### DATA FOR REVIEW
=== Begin Enclosure ===

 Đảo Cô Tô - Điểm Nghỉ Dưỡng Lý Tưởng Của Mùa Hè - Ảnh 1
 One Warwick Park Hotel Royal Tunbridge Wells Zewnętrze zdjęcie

=== End Enclosure ===
=== Begin Enclosure ===

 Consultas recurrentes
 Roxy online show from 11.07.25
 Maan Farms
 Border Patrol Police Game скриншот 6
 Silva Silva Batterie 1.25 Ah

=== End Enclosure ===

### ABOUT THIS TASK
Given the records above, return exactly the lines starting at the line containing "Consultas recurrentes" and ending at the line containing "Silva Silva Batterie 1.25 Ah", including both.

### FINAL ANSWER
 Consultas recurrentes
 Roxy online show from 11.07.25
 Maan Farms
 Border Patrol Police Game скриншот 6
 Silva Silva Batterie 1.25 Ah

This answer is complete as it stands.